Amey is set for another showdown with a major council after partially winning an early round in a legal battle with West Sussex County Council.
Amey Highways Ltd had asked for the High Court for a summary judgement in the case, after West Sussex awarded its Highways Term Service Contract 2018-2028 to Ringway.
While a summary judgement was not granted, the council failed to have the case thrown out either on the grounds that Amey ran out of time to take legal action, or that Amey's case had no chance of success.
This has left the two parties set for further legal action if no resolution can be found. The news comes just months after lost another battle with Birmingham City Council.
The judgement states that Amey’s case 'may be subdivided into two broad categories of attack':
'i) Amey alleges that instructions given by the Council on 19 January and/or 2 February 2018 about how it should structure its presentation of certain staff costs were unlawful. It is not in dispute that implementation of the instructions had the effect of reducing the score that Amey’s tender would receive in respect of price.
ii) Amey alleges manifest error in the scoring of two criteria and that it should have been awarded a higher score for those criteria.'
The way the tender and its costings was outlined, Justice Stuart-Smith states, meant local office overheads 'also fell to be included in either Total Revenue Costs or Total Capital Costs for any of years 1-7, the structure of the ITT’s [Invitation to Tender] costing model would mean that such costs were brought into the tenderer’s submitted pricing twice'.
'There was therefore an incentive for tenderers not to include sums appearing in their Total Costs in the LMO as well. On the documentary evidence it appears that Amey was conscious of the possibility that other tenderers might gain an unfair advantage by wrongly excluding costs from LMO that should have been included there'
Amey alleges it received instructions from the council relating to this situation - specifically relating to the equivalent of 4.25 full time employees that Amey asserted would not come at the council's expense - that were unlawful. Related to this, Amey alleges it should have scored higher on its scorecards.

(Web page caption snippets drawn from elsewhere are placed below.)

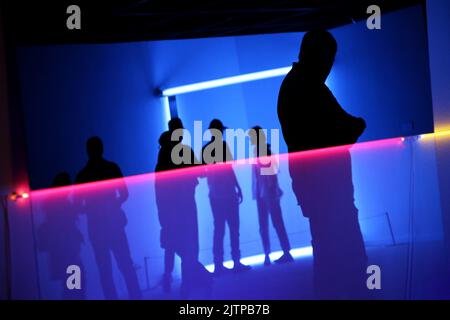 Téhéran, Téhéran, Iran. 30th août 2022. Les visiteurs iraniens regardent une installation de l'artiste américain Dan Flavin, au cours de l'exposition « le Minimalisme et l'art conceptuel », qui présente des œuvres d'artistes américains et européens des 19th et 20th siècles, au Musée d'art contemporain de Téhéran, dans la capitale iranienne, sur 30 août 2022. Plus de 20 000 000 personnes ont afflué vers un musée iranien présentant des dizaines d'œuvres d'artistes occidentaux renommés, certaines pour la première fois -- partie d'un Trésor gazonné avant la Révolution islamique. La collection du musée est réputée pour être le plus grand li Banque D'Images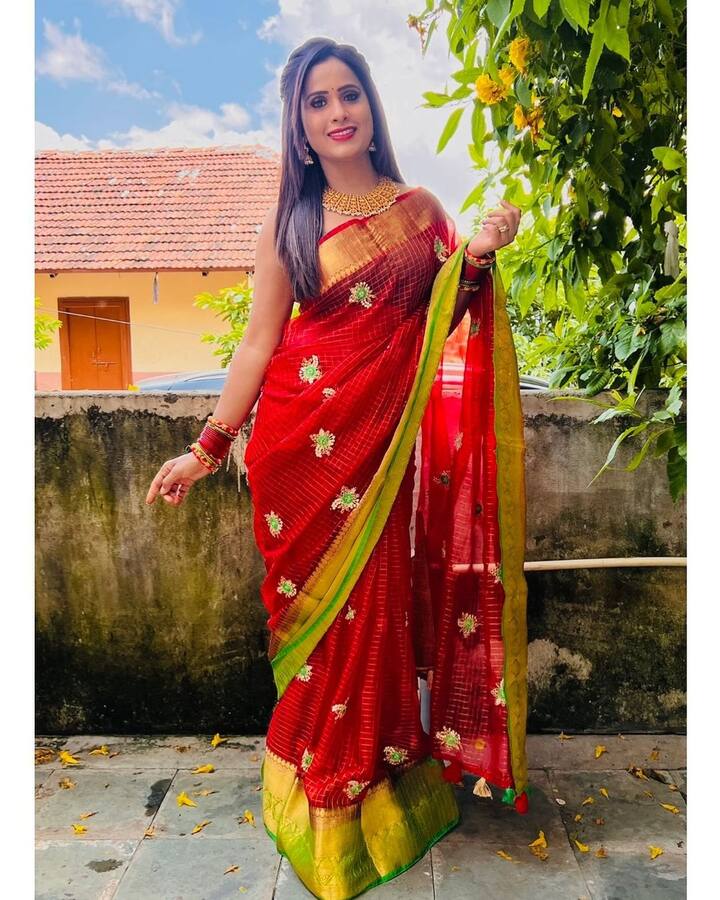 స్క్రీన్ పై వయసుకి మించిన పాత్రలు చేస్తున్న ప్రశాంతి.. ఎప్పటికప్పుడు ఇన్ స్టా గ్రామ్ లో ఫొటోస్ షేర్ చేస్తుంటుంది.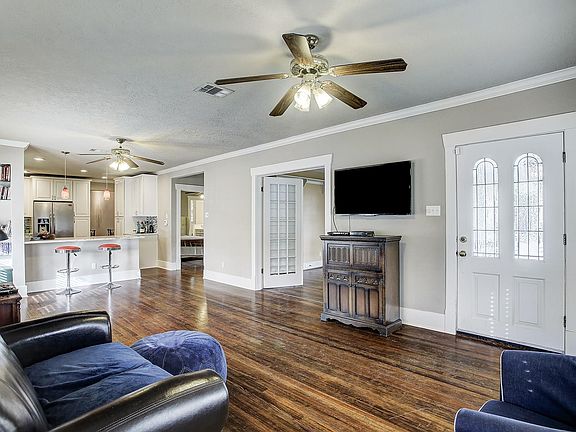 2nd image of 801 Le Green St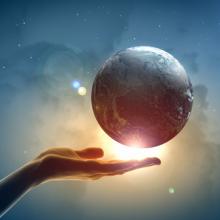 Hand holding the world, Sergey Nivens / Shutterstock.com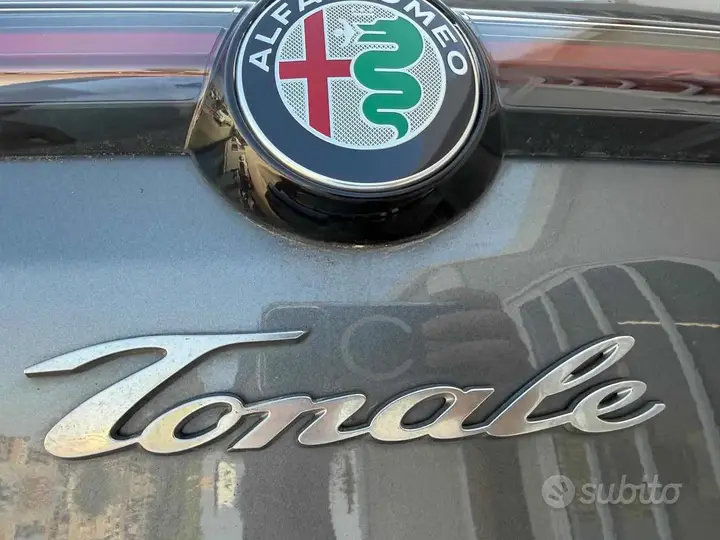 Alfa Romeo Tonale 2023 photo 2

Mr Justice Stuart-Smith ruled: 'I am not convinced that this is one of those relatively rare cases where the claim can be seen to be overwhelmingly strong or weak. I have not been addressed and am not in a position to make a reliable estimate of the strength or weakness of Amey’s claim or the Council’s proposed substantive defence save to say that neither appears to be fanciful on the materials and submissions that have been available and made at the present hearing.'
Determination of the issues requires 'close consideration of the factual evidence that is beyond the scope of a strike out/summary judgement application', the ruling states.
The procurement process was subject to a competitive dialogue process, involving three stages: first, an Invitation to Submit Outline Solutions; second, a Competitive Dialogue and; third, a Call for Final Tenders.
The Invitation to Tender divided the tender submission into two sections, quality and cost. The quality submission was worth 40% of the overall score with the cost submission being worth 60%.
Highways approached Amey and West Sussex County Council for comment.